PALU – Provinsi Sulawesi Tengah (Sulteng) secara nasional menempati peringkat lima pernikahan anak tertinggi.
Khususnya perempuan, usia di bawah 20 tahun dengan persentase 58,9 persen. Bahkan anak usia di bawah 18 tahun masih dalam angka 32 persen.
Secara nasional pernikahan anak bawah umur itu yang tertinggi adalah Sulawesi Barat (Sulbar), Kalimantan Tengah (Kalteng), Kalimantan Selatan (Kalsel) dan Kalimantan Barat (Kalbar).
Berdasarkan data yang ada, tingkat pernikahan anak tertinggi di Sulteng berada pada Kabupaten Buol. Kedua, Parigi Moutong dan Kabupaten Banggai. Sedangkan daerah dengan angka pernikahan anak terendah adalah Kota Palu.
Terkait dengan hal tersebut, Kepala Perwakilan Badan Kependudukan dan Keluarga Berencana Nasional (BKKBN) Sulteng, Maria Ernawati, Selasa (10/11) mengatakan, tingginya angka pernikahan anak di Sulteng cukup mengkhawatirkan, karena dapat berdampak pada kesehatan perempuan, khususnya saat melahirkan.

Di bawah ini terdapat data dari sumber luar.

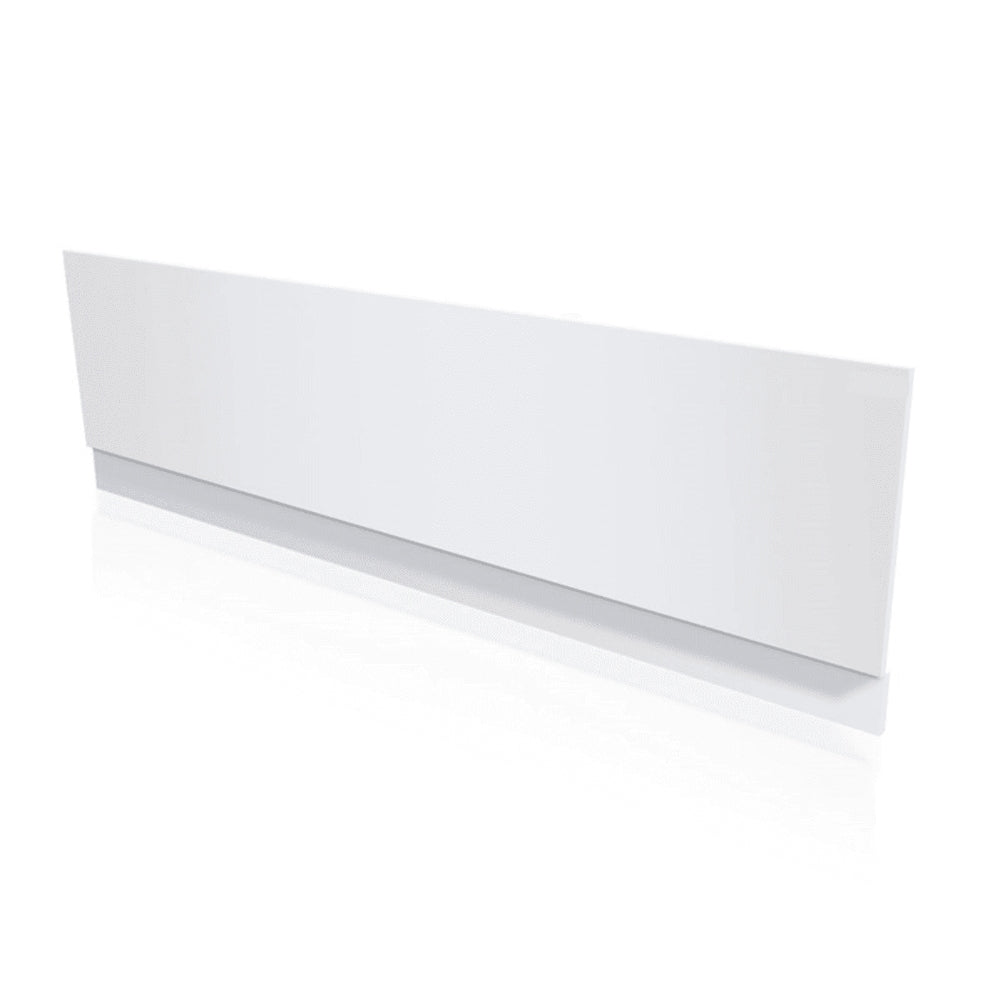 Waterproof Bath Panels - Various Colours & Sizes 1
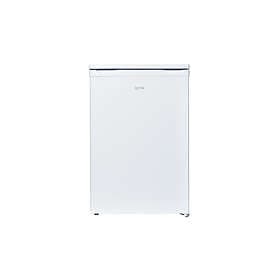 Igenix IG255W (White)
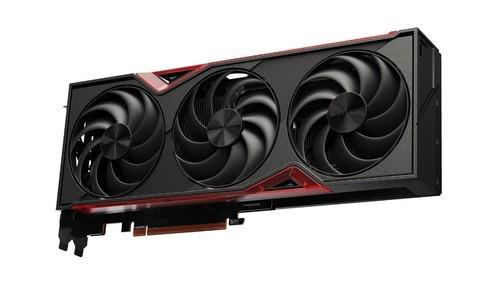 七彩虹战斧RTX 5060 Ti显卡，甜品级大将强势登场！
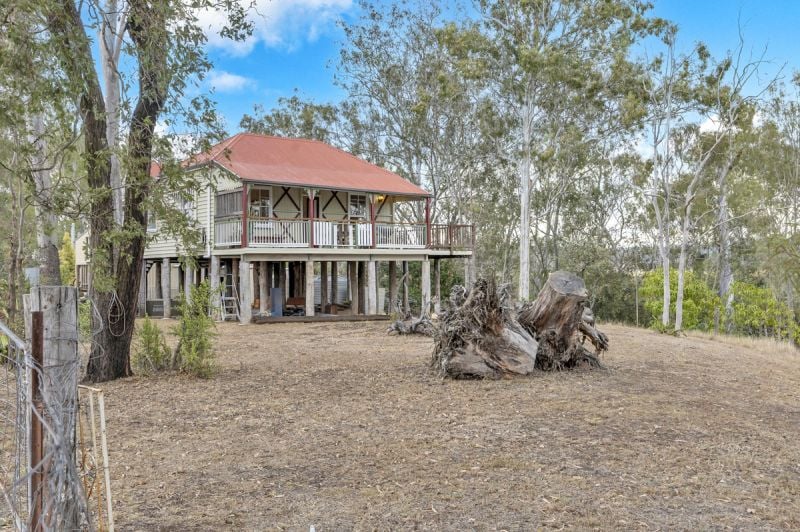 79 Patrick Estate Road, Patrick Estate - Image 1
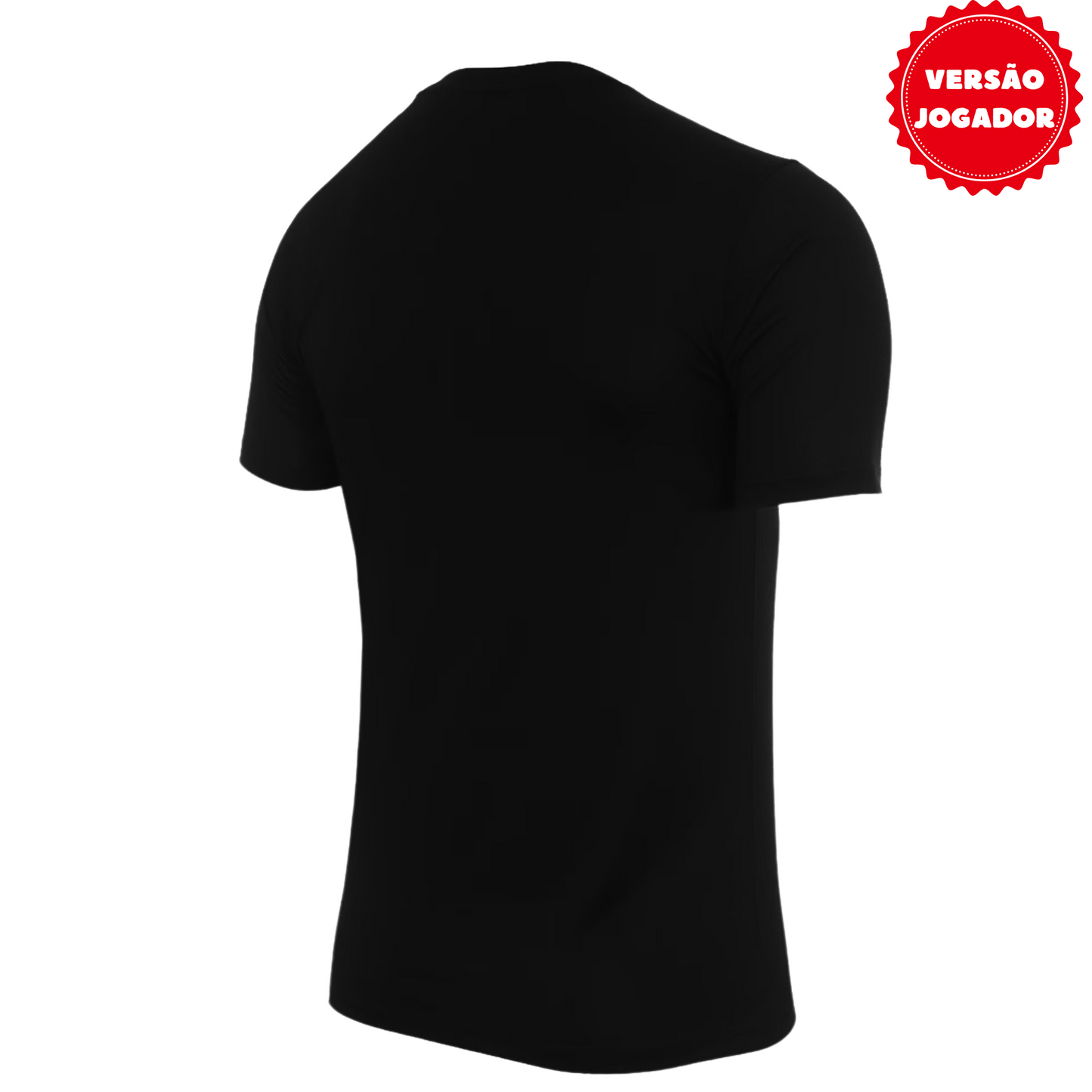 Camisa Corinthians II 24/25 Jogador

Olehnya BKKBN Sulteng menginisiasi program integrasi lintas sektor bernama ‘Patujua’. Program tersebut sudah dibentuk sejak beberapa bulan lalu bersama sejumlah instansi terkait lainnya, seperti Dinas Pemberdayaan Perempuan dan Perlindungan Anak (DP3A), Dinas Kesehatan (Dinkes), Dinas Sosial (Dinsos) dan Kementerian agama (Kemenag).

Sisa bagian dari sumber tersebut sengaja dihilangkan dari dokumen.